• [EXERCISE OBJECTIVE] Copy out every record precisely.

== MATERIAL PROVIDED

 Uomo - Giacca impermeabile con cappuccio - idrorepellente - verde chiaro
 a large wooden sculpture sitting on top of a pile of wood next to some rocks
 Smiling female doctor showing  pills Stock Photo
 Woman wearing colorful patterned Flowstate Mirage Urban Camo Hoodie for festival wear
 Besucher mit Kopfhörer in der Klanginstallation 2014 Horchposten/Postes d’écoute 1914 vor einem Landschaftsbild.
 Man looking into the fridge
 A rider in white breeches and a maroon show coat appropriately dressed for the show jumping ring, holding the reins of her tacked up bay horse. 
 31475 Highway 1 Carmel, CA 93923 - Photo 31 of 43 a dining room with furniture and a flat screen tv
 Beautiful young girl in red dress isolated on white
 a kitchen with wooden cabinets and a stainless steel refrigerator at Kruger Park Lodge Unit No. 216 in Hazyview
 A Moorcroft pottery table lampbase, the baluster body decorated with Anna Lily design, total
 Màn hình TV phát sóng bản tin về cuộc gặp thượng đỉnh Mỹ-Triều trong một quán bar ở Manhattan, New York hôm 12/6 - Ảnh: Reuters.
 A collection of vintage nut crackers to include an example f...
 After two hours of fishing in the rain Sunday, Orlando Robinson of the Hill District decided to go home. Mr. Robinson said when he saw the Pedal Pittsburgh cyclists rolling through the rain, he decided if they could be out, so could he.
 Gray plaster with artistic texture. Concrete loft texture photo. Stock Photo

====

• [COMPLETED TASK]
 Uomo - Giacca impermeabile con cappuccio - idrorepellente - verde chiaro
 a large wooden sculpture sitting on top of a pile of wood next to some rocks
 Smiling female doctor showing  pills Stock Photo
 Woman wearing colorful patterned Flowstate Mirage Urban Camo Hoodie for festival wear
 Besucher mit Kopfhörer in der Klanginstallation 2014 Horchposten/Postes d’écoute 1914 vor einem Landschaftsbild.
 Man looking into the fridge
 A rider in white breeches and a maroon show coat appropriately dressed for the show jumping ring, holding the reins of her tacked up bay horse. 
 31475 Highway 1 Carmel, CA 93923 - Photo 31 of 43 a dining room with furniture and a flat screen tv
 Beautiful young girl in red dress isolated on white
 a kitchen with wooden cabinets and a stainless steel refrigerator at Kruger Park Lodge Unit No. 216 in Hazyview
 A Moorcroft pottery table lampbase, the baluster body decorated with Anna Lily design, total
 Màn hình TV phát sóng bản tin về cuộc gặp thượng đỉnh Mỹ-Triều trong một quán bar ở Manhattan, New York hôm 12/6 - Ảnh: Reuters.
 A collection of vintage nut crackers to include an example f...
 After two hours of fishing in the rain Sunday, Orlando Robinson of the Hill District decided to go home. Mr. Robinson said when he saw the Pedal Pittsburgh cyclists rolling through the rain, he decided if they could be out, so could he.
 Gray plaster with artistic texture. Concrete loft texture photo. Stock Photo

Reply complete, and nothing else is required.